У Надежды Осиповны было с утра предчувствие мигрени, и она экономила движения и чувства. Расставанье и с ней вышло коротким, сухим:
- Будь умным и не скучай. Не простудись. Мы что-нибудь там охлопочем.
И все же какая-то тень мгновенно скользнула по лицу его: мать отъезжала…
Пушкин стоял на крыльце и глядел вслед отбывавшим родителям. Но вот, как проехали двор, у въезда в аллею коляска внезапно остановилась, и он увидал, как, приподнявшись с сиденья, отец выставил кверху указательный палец: знак, чтобы сын подошел. И Пушкин невольно, как маленький, не подошел, а подбежал к экипажу.
- Вот что забыл я сказать… - деловито вымолвил Сергей Львович. - Печи… ты почини, а то может быть холодно. А холод зимой, знаешь ли… он неприятен. Ну, трогай! - И узеньким пальцем махнул по направлению к козлам, как если б легонько стегнул кучера в спину.
Пушкин стоял обозленный. Надежда Осиповна все же неторопливо успела выпростать руки и, поерошив волосы сына, слабо погладила его по щеке. Пушкин поймал и поцеловал ее пальцы. Но и прощальный тот поцелуй был сух, как осенний лист.
Уехали…
Пушкин в тот день долго бродил, отдыхая и наслаждаясь особою тишиной. Он дал себе волю не думать и возвратился - как если бы выкупался.
- Голоден, чай? - озаботилась няня и быстро накрыла поесть.
Все было просто теперь, и стояла она возле стола невозбранно. Лампа горела тепло, в столовой было уютно, в доме просторно.
- Печь будем топить у тебя. Ну, и в девичьей… А этот сарай разве натопишь!
Пушкин кивал головой, на все соглашаясь. Няня ему говорила "ты", как в минуты особенной близости. Все было ладно и хорошо.
- Голубь ты мой, ничего - заживем. - И она обняла его, когда он поел и поднялся, чтобы пойти к себе в комнату: все давние права к ней возвращались.
Подъема в работе, однако ж, особого не было, и тишина эта в доме была еще непривычна, он еще слышал ее.
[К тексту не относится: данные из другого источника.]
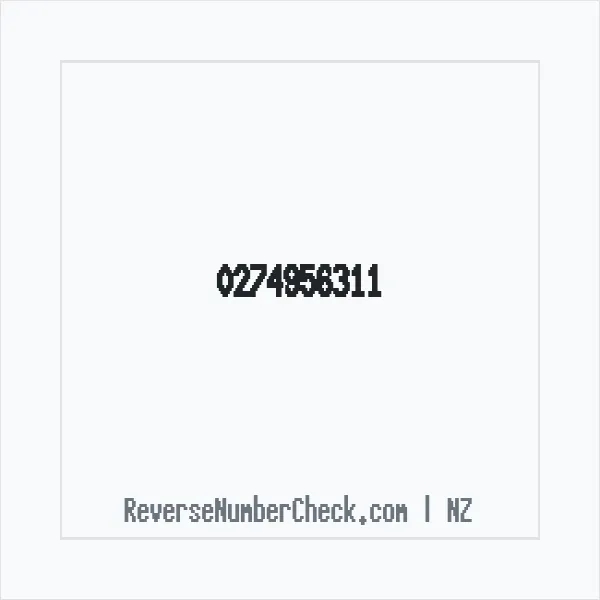 Phone number +64 (2) 7495-6311 image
Даже внезапно, наперекор самому себе, захотелось шума и города: родители едут в столицу, в столице уже Ольга и Лев… И все же вечером спокойно присел за листки своих записей: на очереди как раз давний его визит к деду Петру Абрамовичу и как тот угощал его водкой и остался доволен, что внук от него не отставал.
И весь следующий день Пушкин провел у себя, читая, работая. Все время лил дождь, и день в одиночестве оказался много полней и весомей. Не отвлекало ничто. Няня хранила его: в доме царило молчание. И опять хорошо было ночью: и во сне отдыхал, без сновидений. Однако же утром он собрался навестить и тригорских, невзирая на невылазную, топкую грязь. Няня поехала к обедне в Святые Горы: она любила службы в монастыре.
Пушкин ехал верхом, и дробный колокольный звон возвещал по дороге, что обедня уже отошла. Ехал он не спеша. Знакомые бабы кланялись в пояс, мужики снимали шапки. Один старик на рубеже его остановил и попросил огонька закурить. Извинившись за беспокойство, тем временем он вступил и в разговор, повинуясь потребности вымолвить словом то, что томило его всю эту долгую церковную службу:
- Сызмальства деды твердили: "Введеньё ломает леденьё", а поглядишь ты - лед-то еще и не ставал. В зеленях, говорю, ляжет косой - и не увидишь. К чему бы?
Он вынул кисет, размотал и стал не торопясь в нем копаться, набирая по уголкам остатки махорки.
- А к чему бы, ты думал?
- Да уж не знаю. Болтают по-разному. То ли к неурожаю, а то ждут послабления, вроде как крепость народную рушить хотят. Ай неправда? - И он с неожиданной живостью вскинул на всадника маленькие стариковские глазки: в них был свой огонек.
Пушкин глядел на нечаянного собеседника с интересом, но в ответ ничего не сказал. Старик подождал и, видя, что барин не отвечает, так же неспешно ссыпал табак обратно в кисет и начал заматывать шнур.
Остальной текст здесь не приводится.